Lo expresa magníficamente Don Winslow, el novelista que mejor conoce —y retrata— el mundo del narcotráfico mexicano, en la voz del protagonista de El cártel, el periodista Pablo Mora: «México, la tierra de las pirámides y los palacios, de los desiertos y las junglas, de las montañas y las playas, de las extensas plazas y los patios escondidos, ahora es conocido como la tierra de las matanzas. ¿Y para qué? Para que los estadounidenses puedan colocarse. Justo al otro lado del puente [de Juárez] se encuentra el gigantesco mercado, la insaciable máquina de consumo que trae la violencia hasta aquí. Los estadounidenses fuman la hierba, esnifan la coca, se inyectan la heroína y toman el cristal, y luego tienen el valor de señalar al sur y hablar del “problema de la droga en México” y de la corrupción mexicana. El problema de la droga no es mexicano, sino estadounidense. En cuanto a la corrupción, ¿quién es más corrupto? ¿El vendedor o el comprador? ¿Y hasta dónde llega la corrupción de una sociedad cuando sus ciudadanos necesitan colocarse para evadirse de la realidad a costa del derramamiento de sangre y el sufrimiento de sus vecinos. Corrupta hasta la médula.» Y quien dice Estados Unidos dice Europa.

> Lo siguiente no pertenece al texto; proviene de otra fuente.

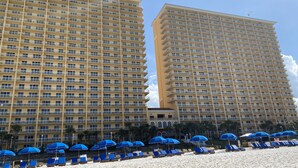 A hotel with multiple floors, balconies, and a beach area with sun loungers and umbrellas.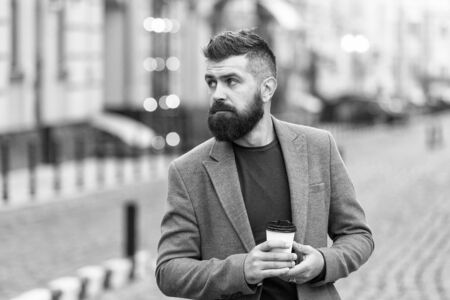 Get some rest after hard day. Man bearded hipster drink coffee paper cup. Businessman well groomed enjoy coffee break outdoor urban background. Thoughtful but relaxed. Walk and enjoy fresh hot coffeeの写真素材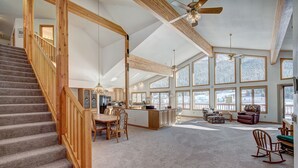 Een ruime woonkamer met een hoge plafond, grote ramen, een houten trap en een centraal eiland met zitplaatsen.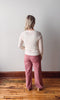 Person wearing a white sweater and pink pants standing on a wooden floor against a white wall.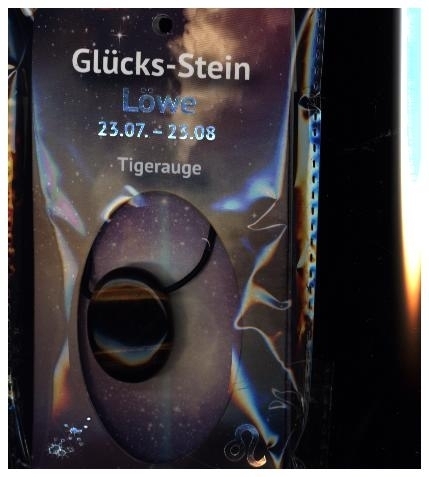 Glücksstein mit Band auf Astrokarte Löwe/Tigerauge
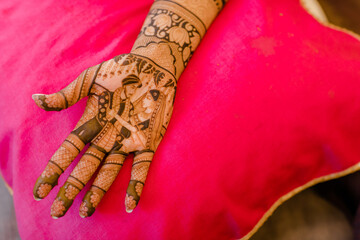 Artist applying henna tattoo on women . Mehndi is traditional Indian decorative art. Close-up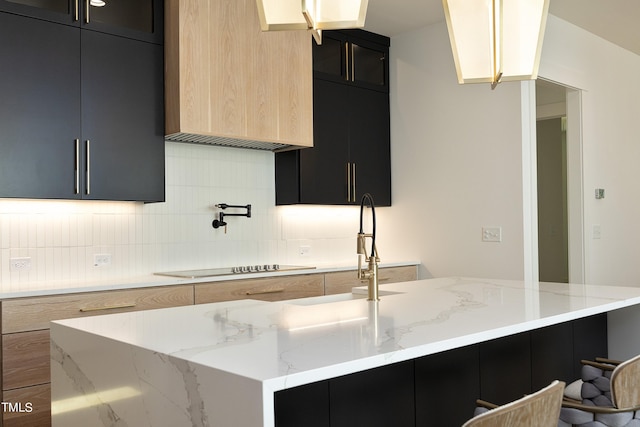 kitchen featuring backsplash, light stone countertops, an island with sink, and light brown cabinets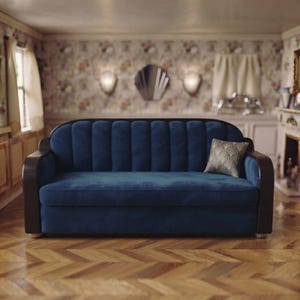 May include: A deep blue velvet sofa featuring a channel-tufted backrest and dark wood armrests. The sofa includes a single square throw pillow with a gold and black fan-shaped pattern, positioned on the right side of the seat cushion.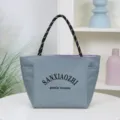 Stylish grey waterproof canvas tote bag with rope handles and large capacity for daily commute. - Gray-Purple Double-Sided
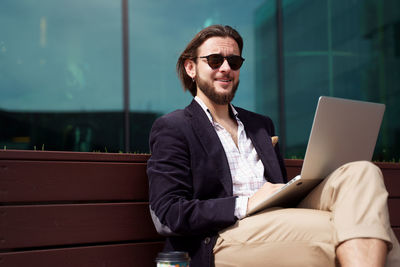 Portrait of smiling young businessman using laptop
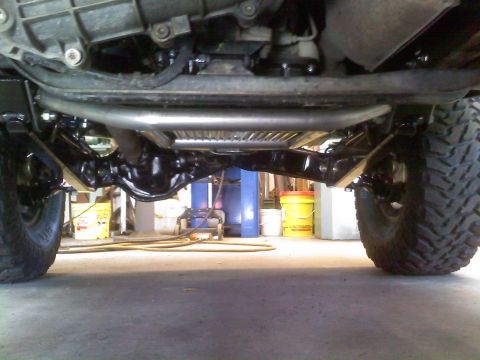 1996 Ford Bronco - Close-up view of the undercarriage and suspension system of a vehicle, highlighting its robust build.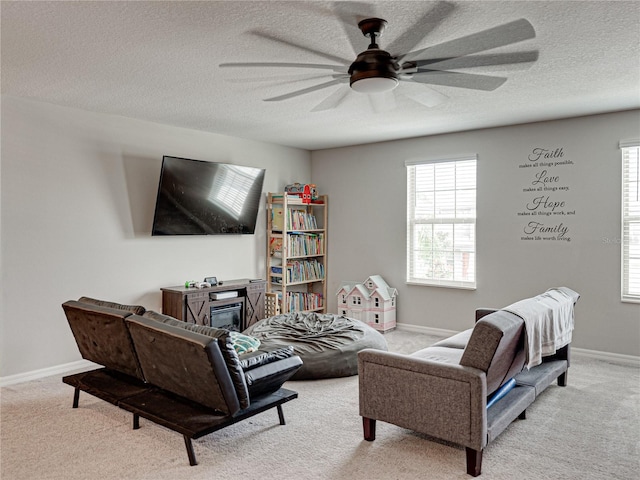 carpeted living room with a textured ceiling, plenty of natural light, and ceiling fan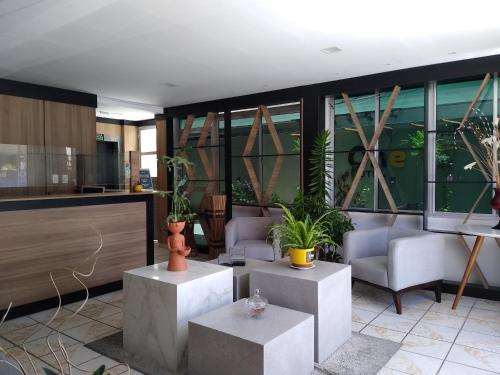 a lobby with couches and plants in a building at One Hotel in João Pessoa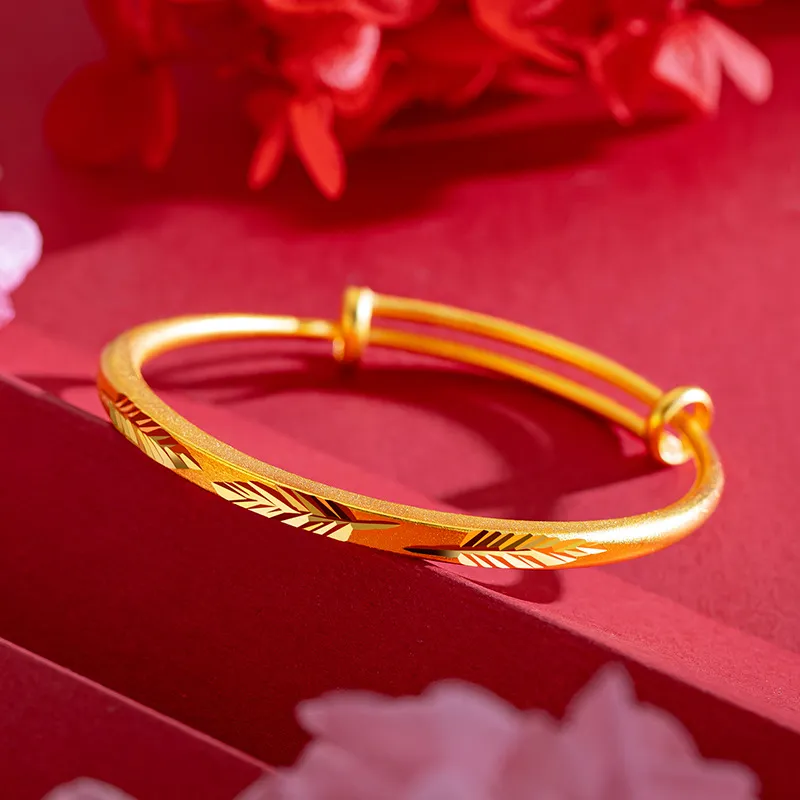 Ladies gold on sale expanding bangle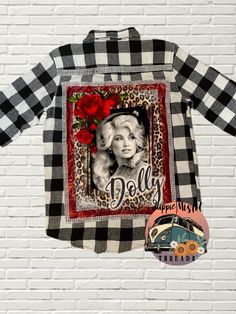 a black and white checkered shirt with an image of dolly on the front in red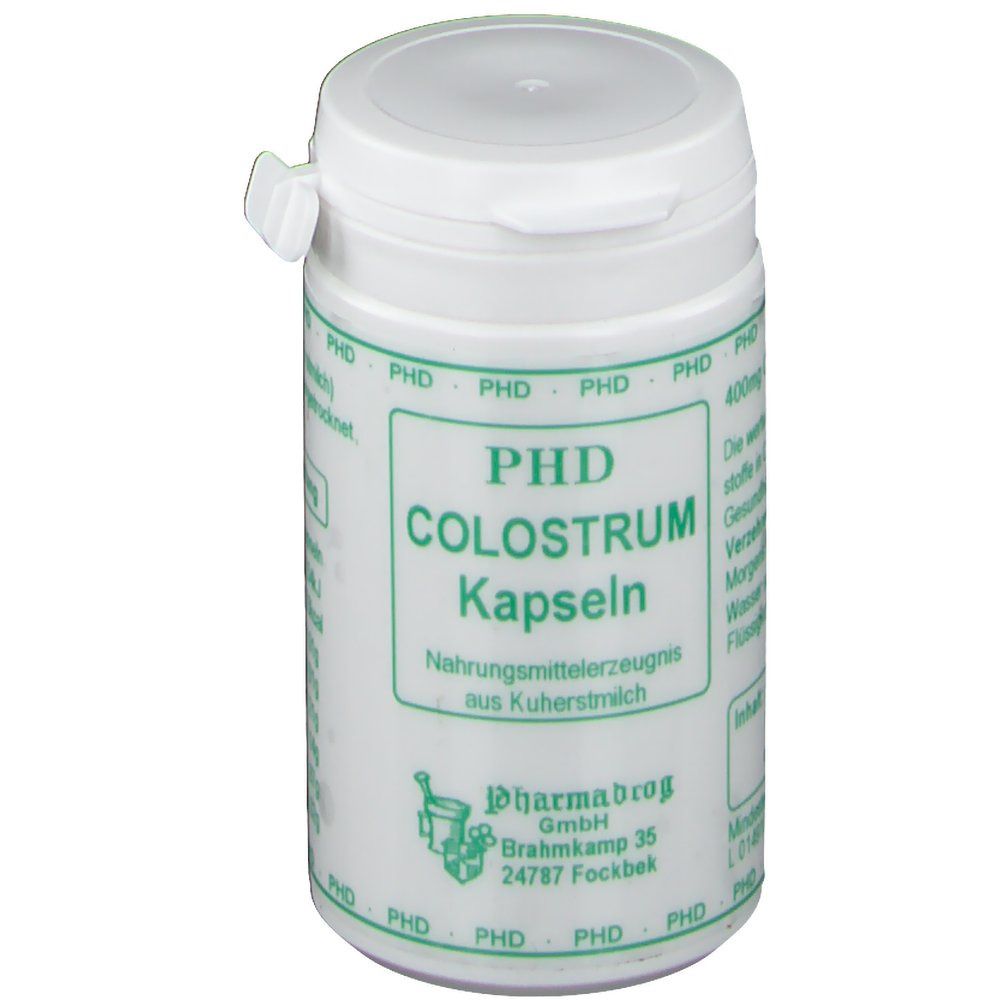 Weiße Dose mit grünem Etikett. Aufschrift: PHD Colostrum Kapseln. Nahrungsergänzungsmittel aus Kuhmilch. Logo: Pharmadrog.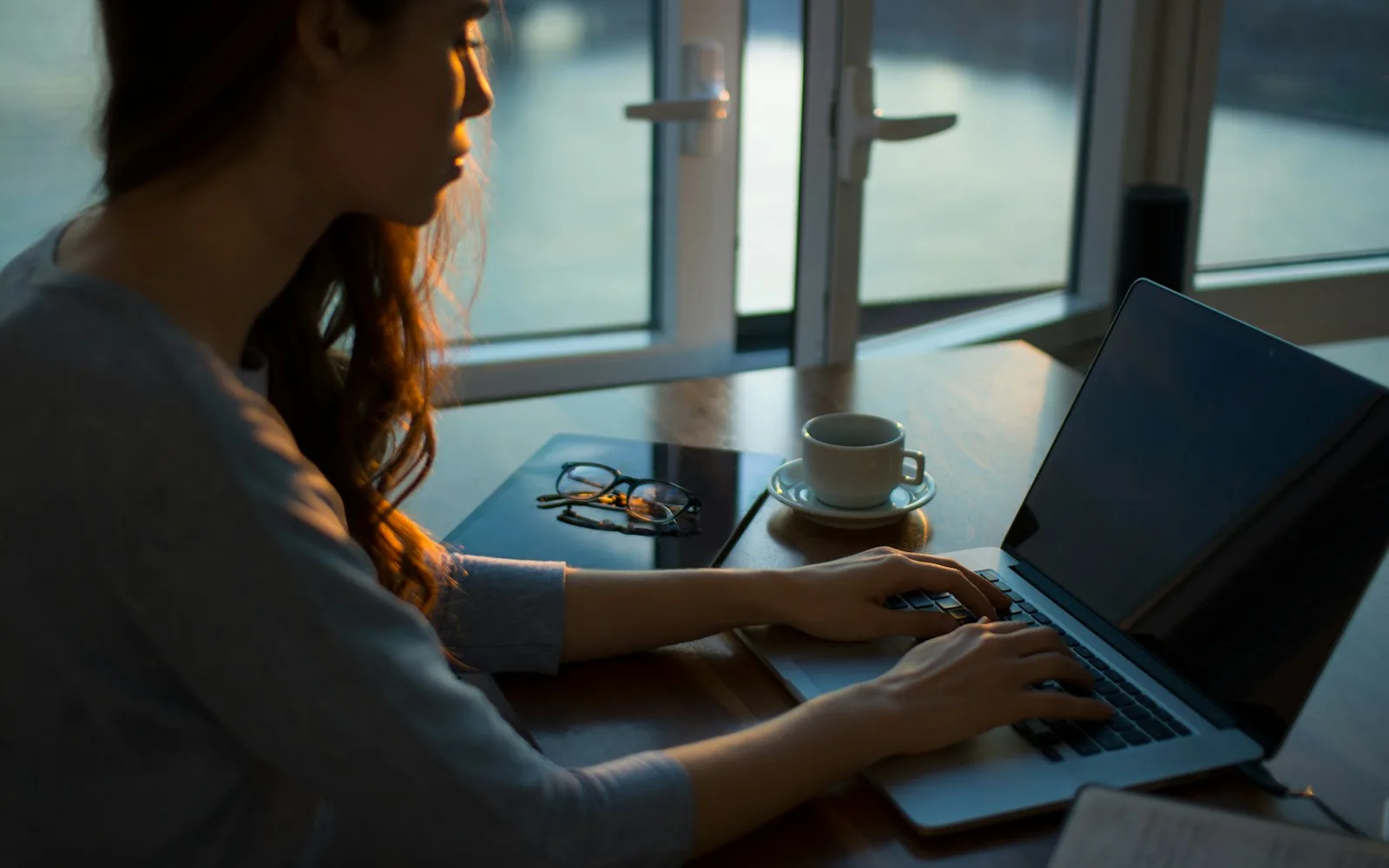 Kobieta pracuje przy laptopie przy stole w jasnym wnętrzu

Sí, la vida de Juan Pablo Escobar no ha sido fácil. Como tampoco lo es el tema del narcotráfico. Pero si algo ha aprendido, viviendo tantos años bajo el peso de su apellido, de su historia, es lo que de verdad importa en la vida. «Lo que de verdad importa es todo: desde el más pequeño hasta el más grande detalle. Importa el respeto, importa la libertad, importa la vida, importa el compromiso que tengamos, importa también el perdón y la reconciliación, para que, como sociedad, podamos darnos una segunda oportunidad». 
Así sea.   


NOTA: Este artículo lo escribí originalmente para la revista Milenio.